When Midwife Proscovia Adong was deployed to Elema Health Centre II in June 2019, she found that the facility maternity unit had recorded over twenty (20) home deliveries and the born before arrival cases in a period of six months from January to June 2019.
In 2014, Elema HC II was reorganized to provide emergency maternal health services to refugees of Elema and Baratuku settlements, as well as the host communities around Miniki Parish in Dzaipi sub-county in Adjumani district, thus serving a catchment population of 11,045 people.
For Proscovia and three other midwives working at the maternity in Elema HC II, it meant ensuring 100 percent skilled birth attendance at the facility, slightly above the national average of 95 percent. Thus, the midwives embarked on strengthening weekly health education sessions at the facility, targeting women of reproductive age with information on importance of delivering in health facilities.

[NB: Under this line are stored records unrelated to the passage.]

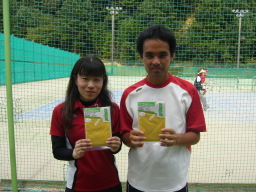 Beborn Tennis Club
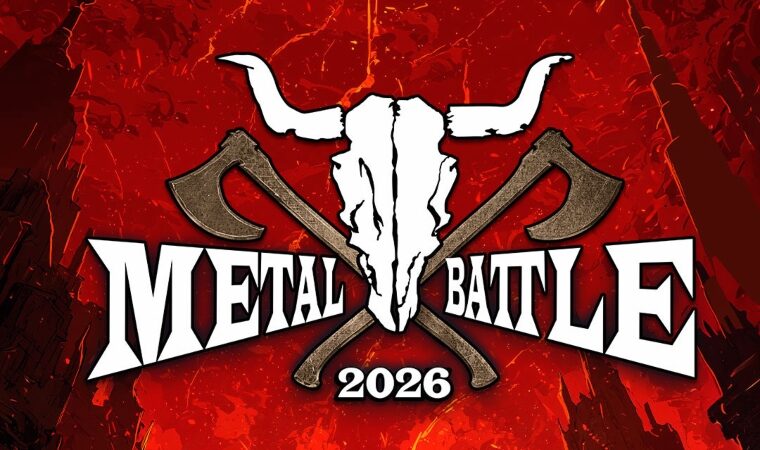 Últimos días para inscribirse en Wacken Metal Battle 2026: la cita metalera más esperada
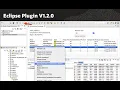 Connect to using Eclipse Plugin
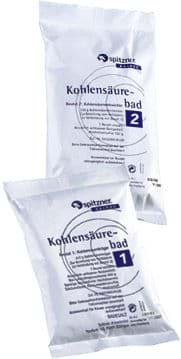 Kohlensäure Bad 10er Gebinde à 946 g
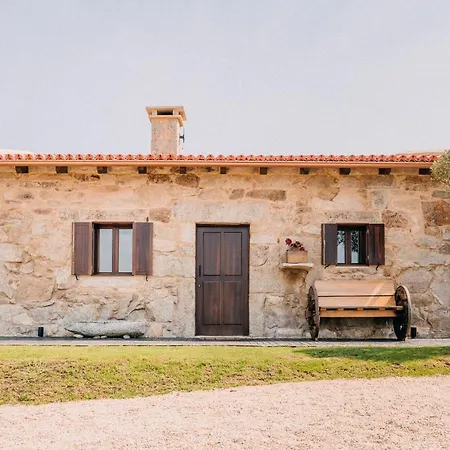 Kır Evi El Abuelo De Arcos - Only Adults *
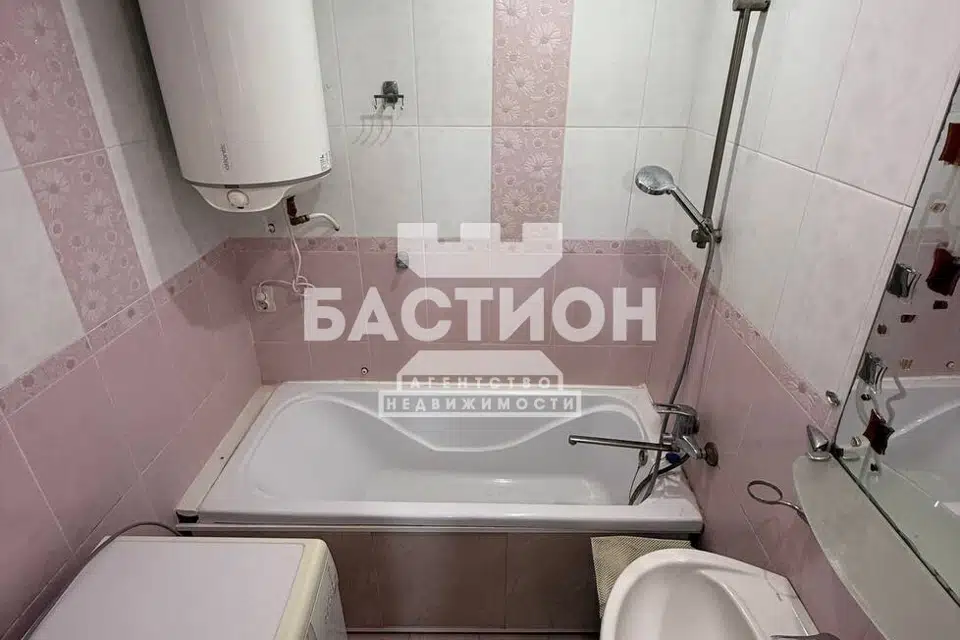 Продаётся 2-комнатная квартира, 56 м²
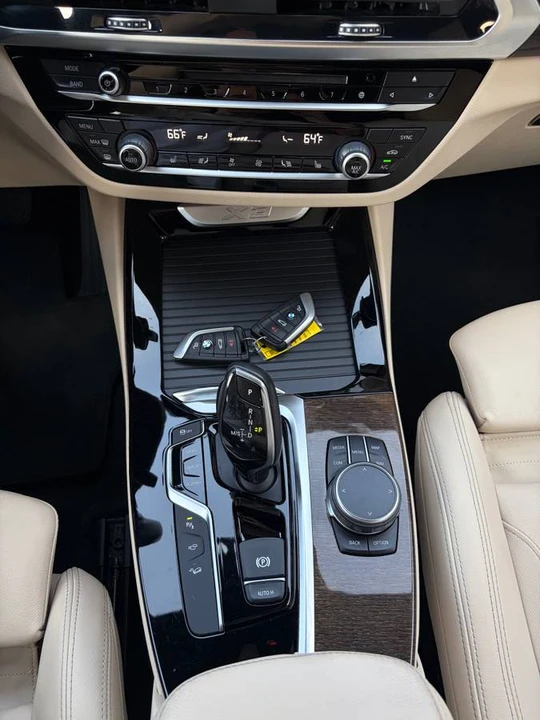 2018 BMW G01 X3 - Image 16 of 20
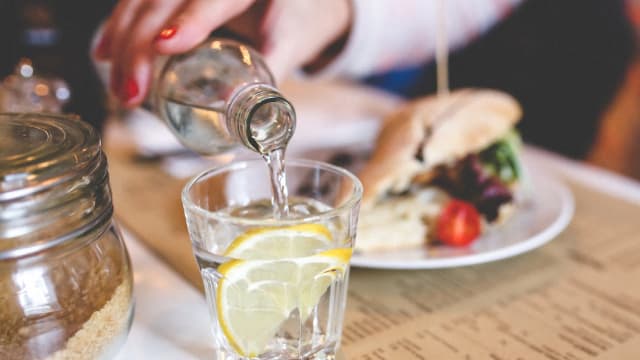 Coca-Cola Europacific Partners: Waiting For A Better Entry Point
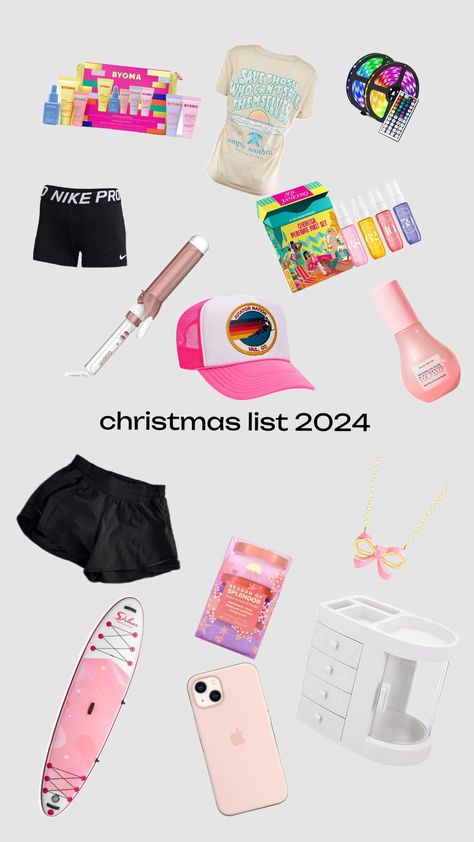 my wishlisttt #christmas #wishlist #christmaswishlist #fyp Christmas Wishlist, Christmas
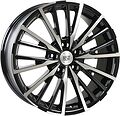 RST R178 7x18 5x110 ET 40 Dia 67 BD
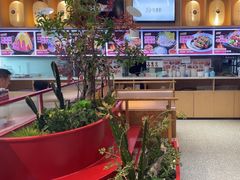 -花漫里日式餐厅(刺桐店)
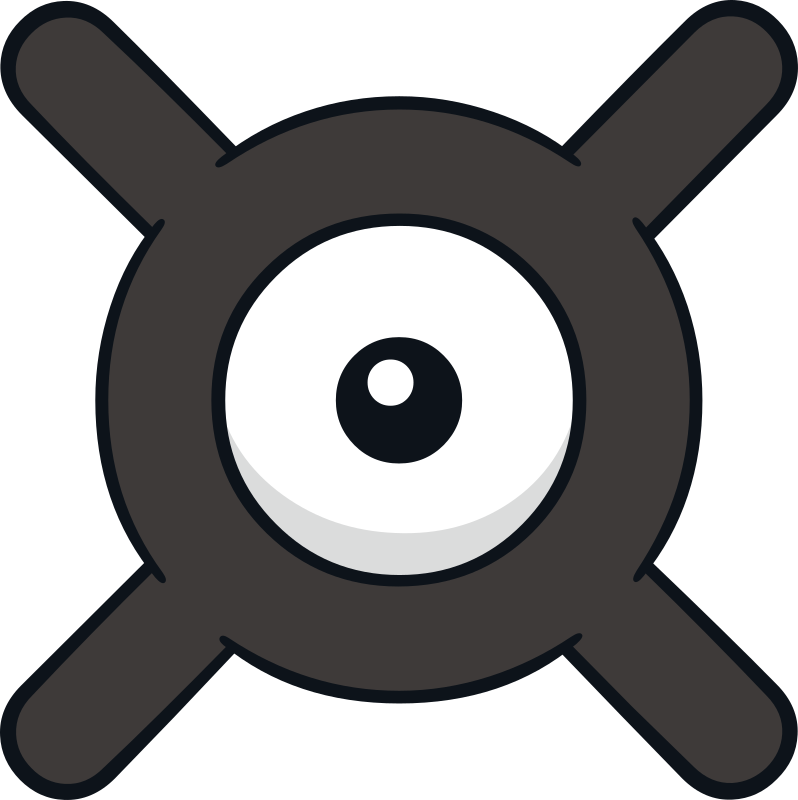 201Unown X Dream.png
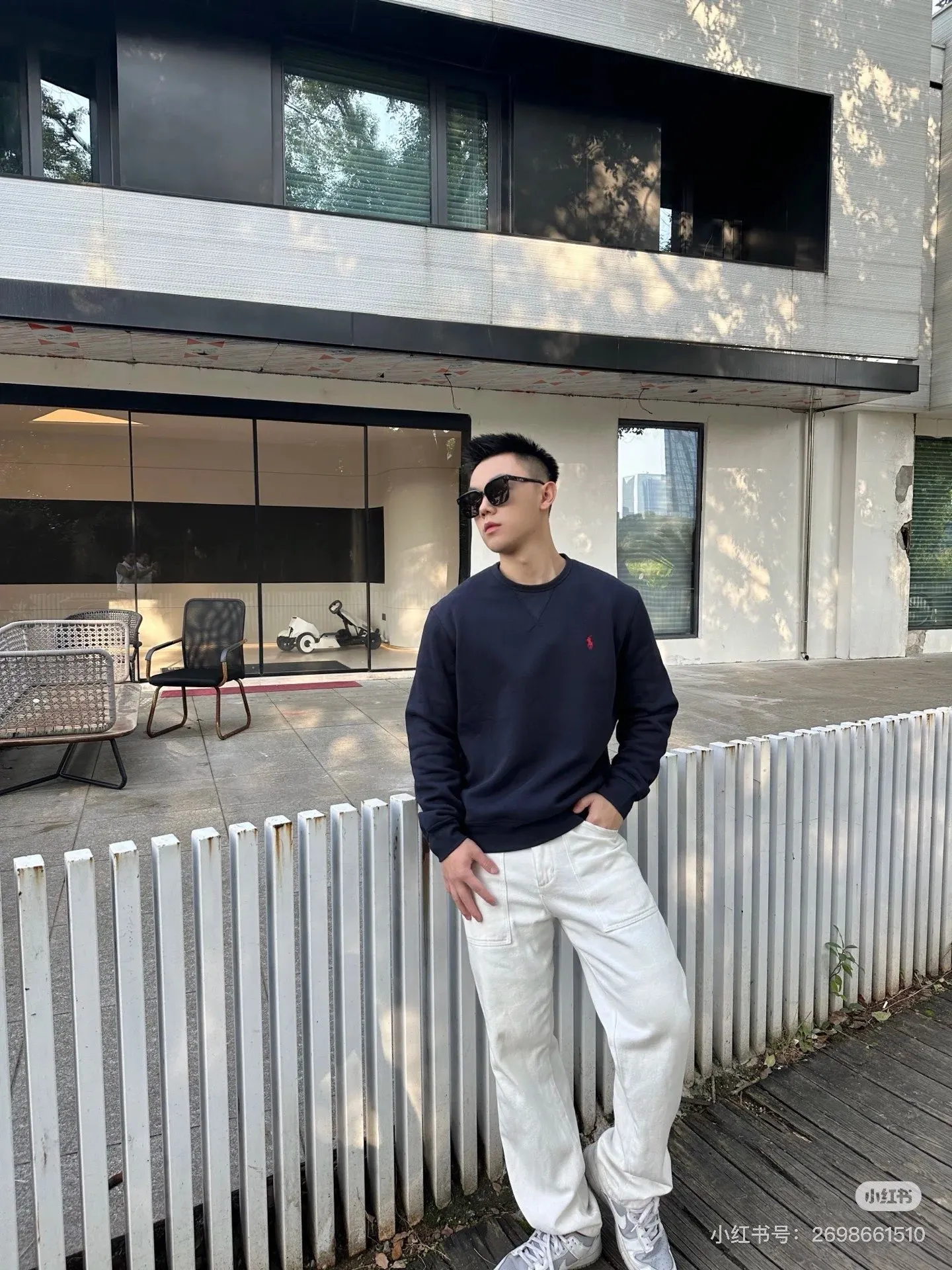 model picture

They also focused on how to avoid birth before arrival, danger signs in pregnancy, and the importance of routine antenatal attendance, among other discussions.
“During the sessions, the first-time mothers said that labor usually found them unprepared, so we started giving them birth preparedness plans from the time they attend antenatal care,” said Proscovia.
“I also worked with the maternity unit In-Charge to identify a known Traditional Birth Attendant (TBA) in the settlement who was involved in delivering mothers at home; we encouraged her to always escort mothers to the health facility, where she took part in the birth process.”
According to the midwives, the move to increase sensitization and include the TBA into the facility delivery process led to a reduction in home deliveries and the born before arrival cases to average of two per month; while health facility deliveries went up from an average of 15 to about 25 per month.
With the support of CERF funding, UNFPA with its implementing partner Lutheran World Federation (LWF) was able to deploy 12 midwives to various health facilities and build the capacity of over 345 health workers on Emergency Obstetric and Newborn Care (EmONC) through seminars, workshops and conferences, of which Proscovia was a beneficiary.
“I gained new knowledge and skills regarding the management of obstetric emergencies and shared the same knowledge with other midwives during the departmental meeting,” said Proscovia.
“I also started to consistently follow-up on post-natal care and so far all mothers endeavor to return back for further support on appointment days.”
Proscovia further explains initiatives she has since undertaken after the EmONC training that attracted more mothers to deliver in the facility such as; giving enough time to answer all their questions, managing maternity medical files in an organized manner, ensuring infection control is adhered to and giving medication at the right time as communicated from the training.
“I have also ensured that the waiting time for mothers is reduced as I attend to them as soon as they arrive at the facility,” she said.